(Data to use)
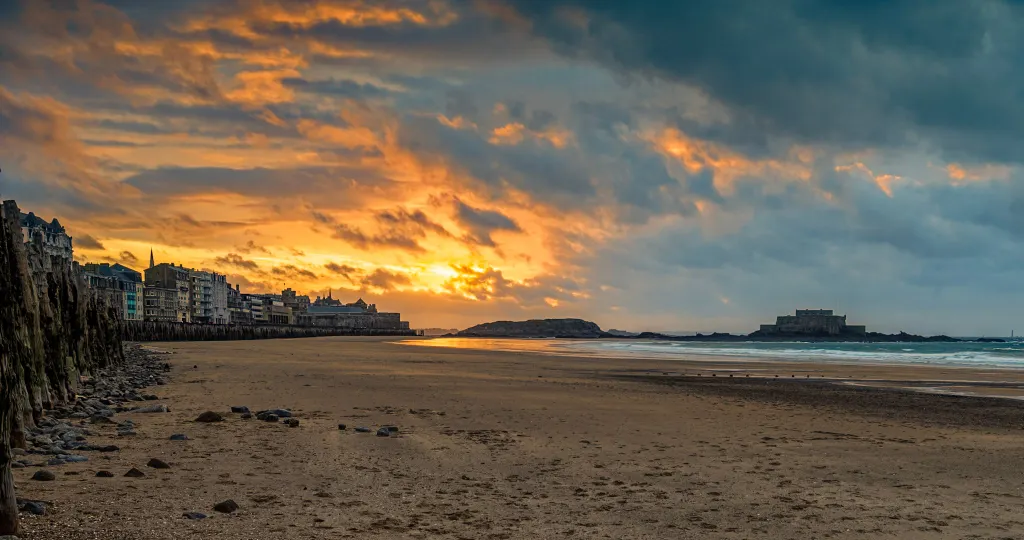Seascapes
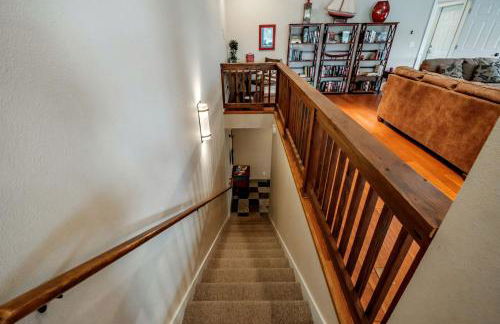 Amazing Beachfront Villa in Newport, Oregon - Foto 38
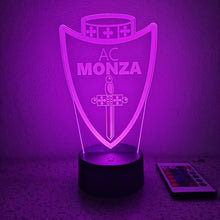 Carica l'immagine nel visualizzatore di Gallery, Monza Ilmioplexiglass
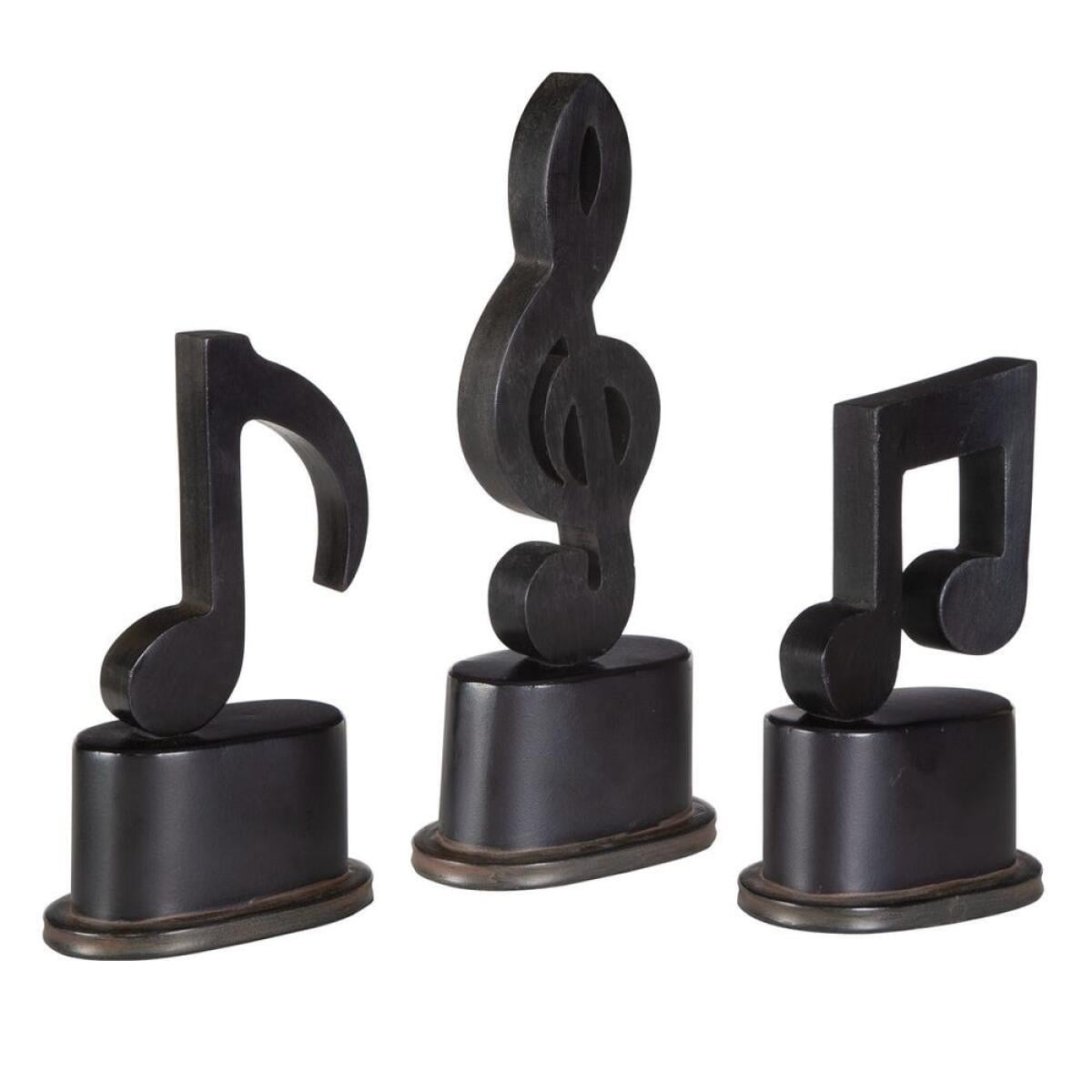 Music Notes, S/3 - Image 3
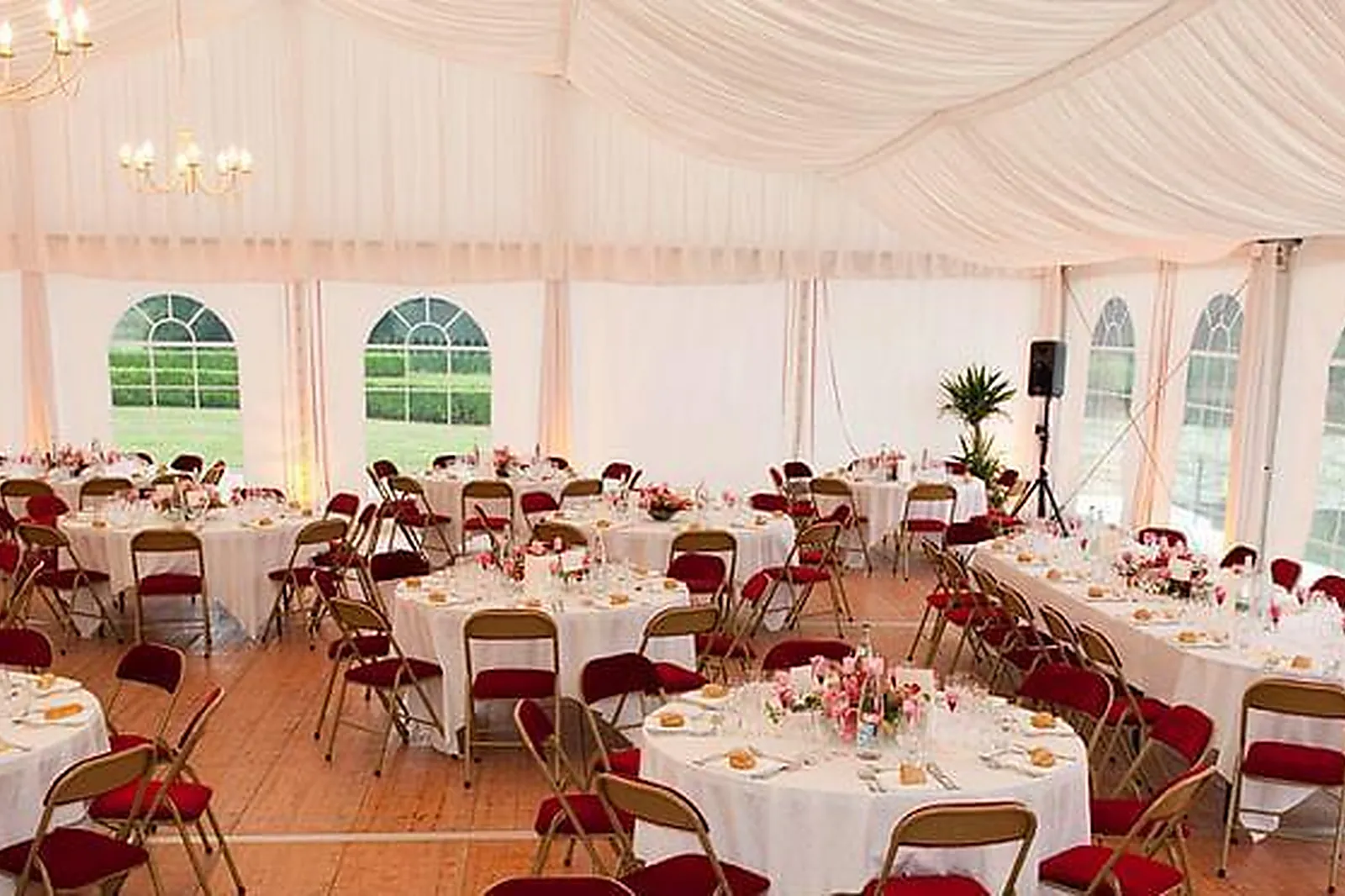 Lieux événementiels, CHÂTEAU DE VITRY-LA-VILLE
(End Data to use)
• **Exercise goal**: Exactly the lines from the one containing "Music Notes, S/3 - Image 3" to the final line of the entries are wanted; please write them out, both ends included, but not the pictures.

• **Finished exercise**:
 Music Notes, S/3 - Image 3
 Lieux événementiels, CHÂTEAU DE VITRY-LA-VILLE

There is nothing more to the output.